As if on cue, the dog headed to a patch of carpet in the living room in front of a heater vent, circled a few times to claim it as his and then stretched out.

Once the dog was settled, Gen turned back to Dylan. “How much experience do you have with a wallpaper steamer?”

“About as much as you’ve had with black-and-tan coonhounds, I imagine.”

She smiled, tucking a stray lock of hair behind her ear. He liked seeing her this way, with her hair a little tousled, her skin flushed, her face fresh and natural.

She would probably look just like this after making love.

Everything inside him seemed to shiver, and he had to take several sharp breaths to regain control.

“I’ve been thinking about the logistics here,” she went on, “and I think it would be best if you direct the steamer while I scrape off the wallpaper.”

He could handle that, as long as he could keep these inappropriate sexual thoughts at bay.

She frowned. “You’re not really dressed for this. It’s a messy job. I’m going to be sticky with wallpaper glue and little shreds of paper for weeks.”

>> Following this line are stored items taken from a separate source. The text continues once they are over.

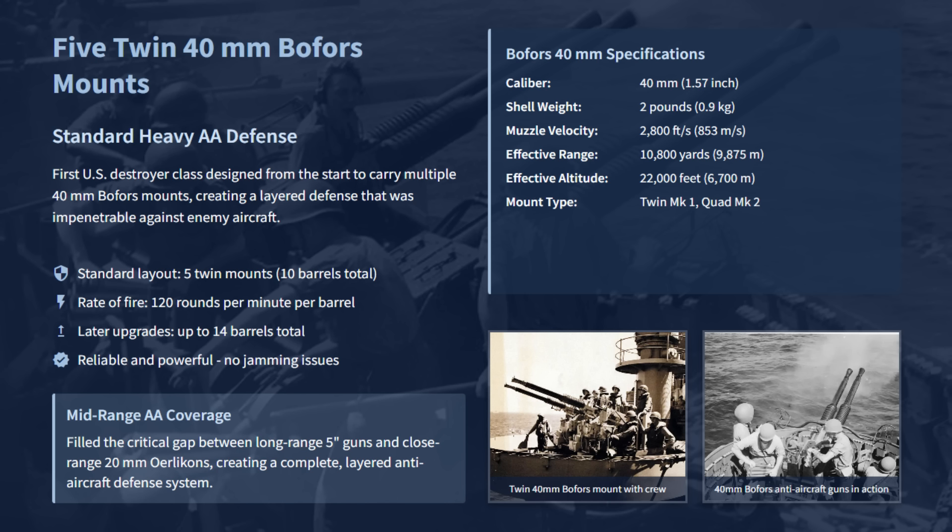As the war intensified, many Fletchers were upgraded to carry 4 twin and 2 quad mounts, raising the total to 14 40-millimeter Bofors barrels.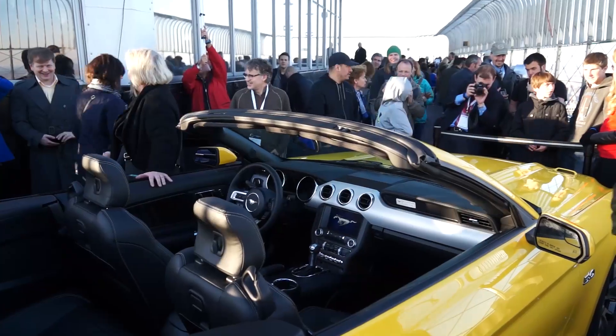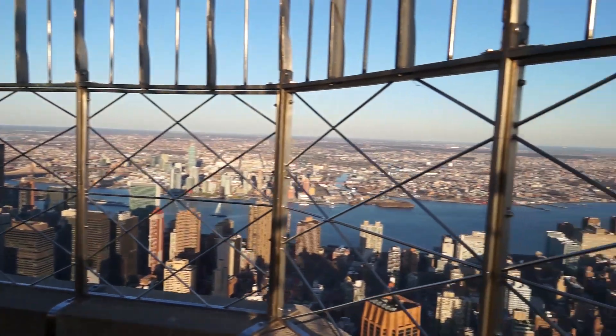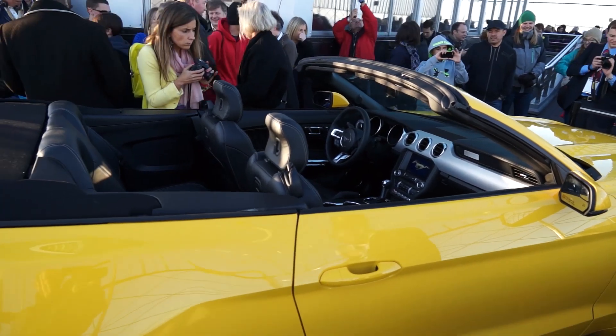Before we wrap up our coverage here in New York, we want to harken back to last night. We got to go to one heck of a party. We went up top of the Empire State Building, got to see the new 2015 Mustang out there on the observation deck. What do you think of Ford's marketing efforts?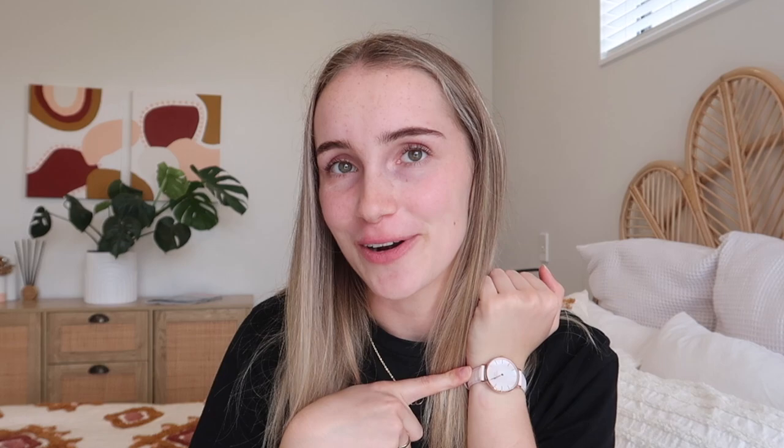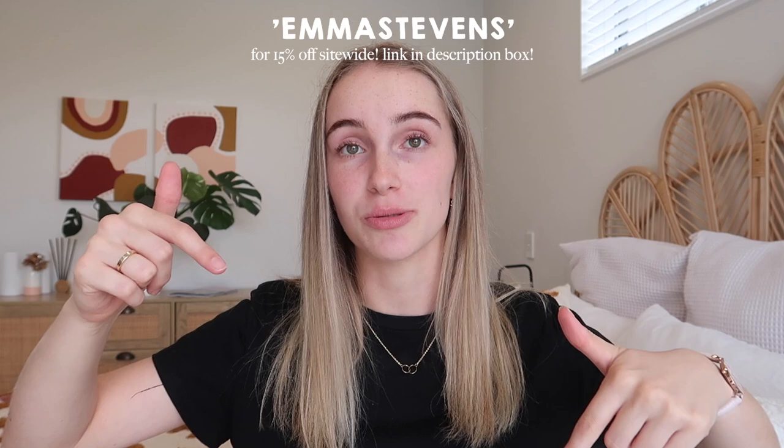If you want a cheeky discount on any of these items, you can use my code 'Emma Stevens' — I'll pop it on the screen. Use the link in the description and it'll get you 15% off. I actually used my own code to buy the ring, so I can confirm it's great. Anyway, without further ado, let's jump straight into these organization tips!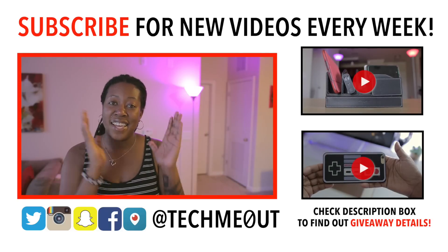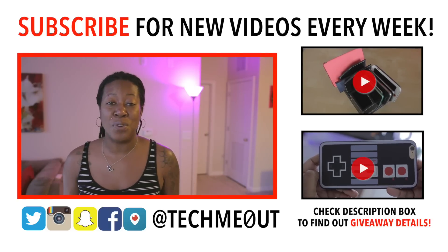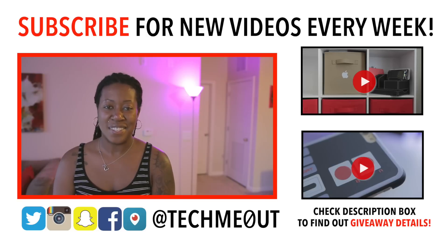Go ahead and hit that link down below to find out how to enter the giveaway, and increase your odds by entering in more than one way. Good luck to all of you, and as always, thanks for taking the time out to let me check you out.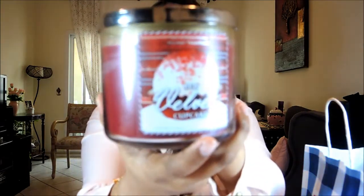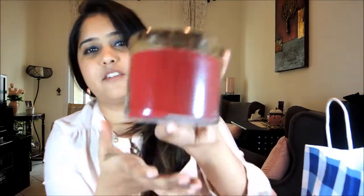Now I'm going to show you my candles. The first one is Red Velvet Cupcake — this is what it looks like. It smells like rich vanilla buttercream frosting on a cupcake. I love it! These cost around 90 dirhams and come with three wicks. It's a very deep red color, so awesome for Christmas. This is from the holiday collection, by the way — all the candles I got are from the holiday collection.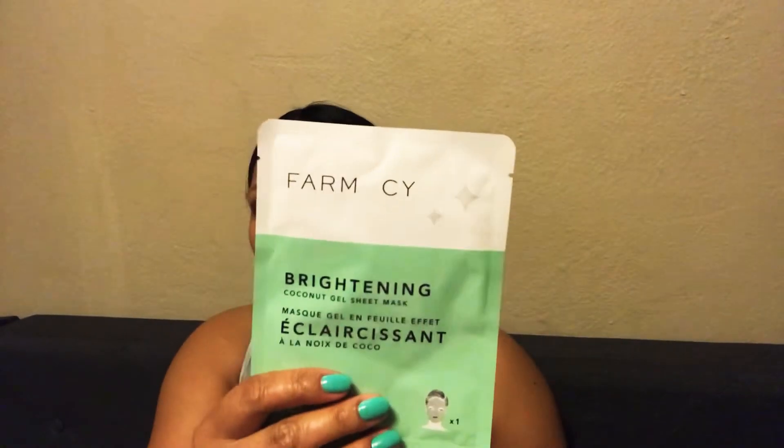They put two things outside the bag because they wouldn't fit inside. The first is a Brightening Coconut Gel Sheet Mask with collagen — it tells you on the back how to put it on and how long to leave it. The second is a Hydrating Coconut Gel Sheet Mask with hyaluronic acid. So I have two masks — I love masks! I love it, thank you Ipsy!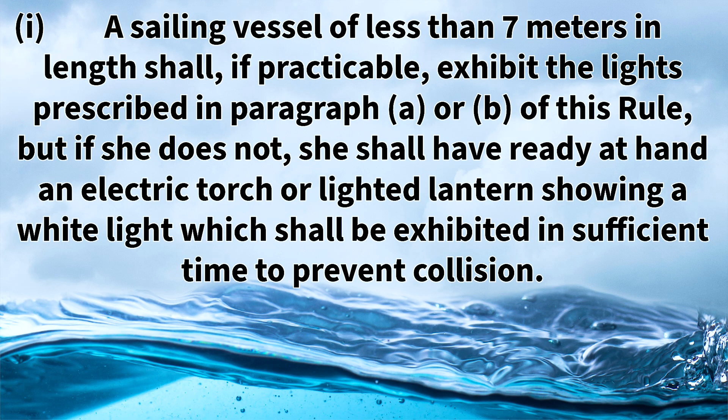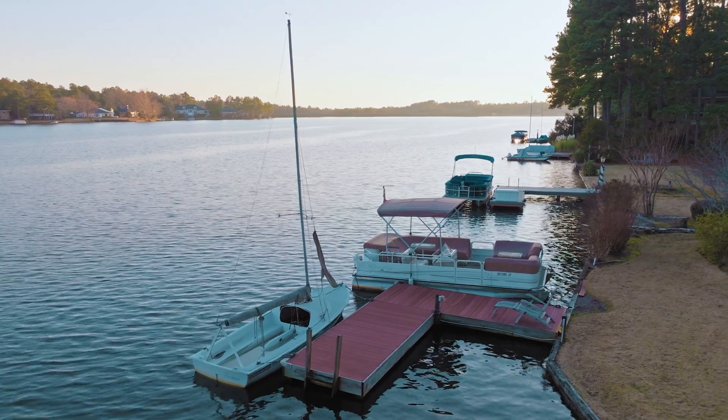Rule 25d item one states that a sailing vessel of less than seven meters in length shall, if practicable, exhibit the lights prescribed in paragraph a or b of this rule. But if she does not, she shall have ready at hand an electric torch or lighted lantern showing a white light which shall be exhibited in sufficient time to prevent a collision. So sailing vessels less than seven meters should have the prescribed lights, but it's not mandatory. If they do not have the prescribed lights, they need to have readily available a light that emits a white light and be able to shine it to other vessels to identify their presence in time to prevent a collision.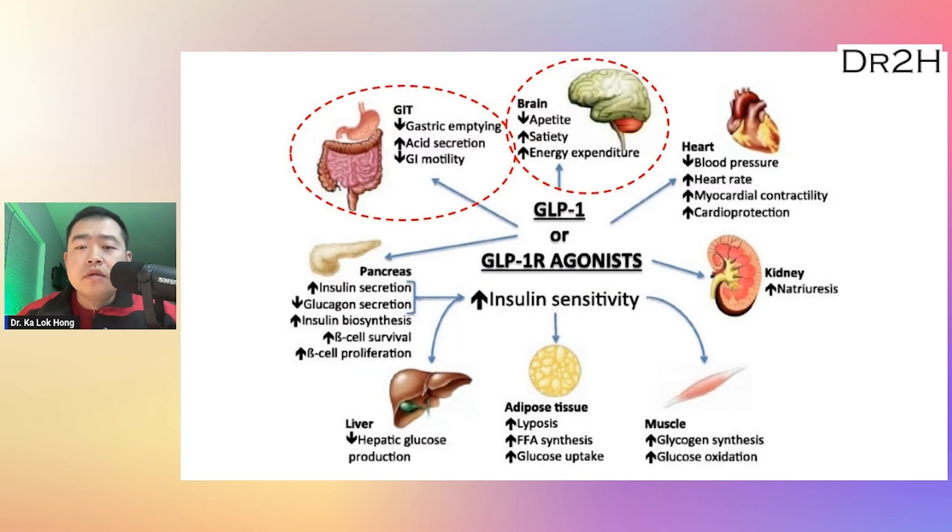GLP-1 causes weight loss by delaying gastric emptying — it slows down the rate at which food leaves the stomach, which can help to increase feelings of fullness and reduce food intake. GLP-1 also acts on the brain to reduce feelings of hunger, suppress appetite, and promote satiety.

Pop didn’t strictly have a dress code for his Sunday dinners, but he didn’t appreciate his family showing up in any old thing, either. Dylan had worn a blue long-sleeved oxford to dinner, with the sleeve pinned up over his stump.

He should have worn the prosthetic arm. As painful as it could be some days, it wasn’t quite as unsightly as that empty sleeve.

“It’s fine. It will wash.”

“Just take off your shirt. I can see you’re wearing a T-shirt underneath. You can just work in that and then change back into the other shirt when we’re done.”

He shifted, wondering what he had gotten himself into. He ought to tell her to forget this whole thing. He hated dressing and undressing with one hand. It was awkward and uncomfortable, especially trying to shrug out of a shirt. He also didn’t wear short sleeves much anymore, even in the summertime.

“Sure. Okay,” he finally muttered. Feeling stupid, he did his best to unbutton the shirt without looking like a three-year-old learning to undress himself and then pulled it off and hung it over the same chair with his coat.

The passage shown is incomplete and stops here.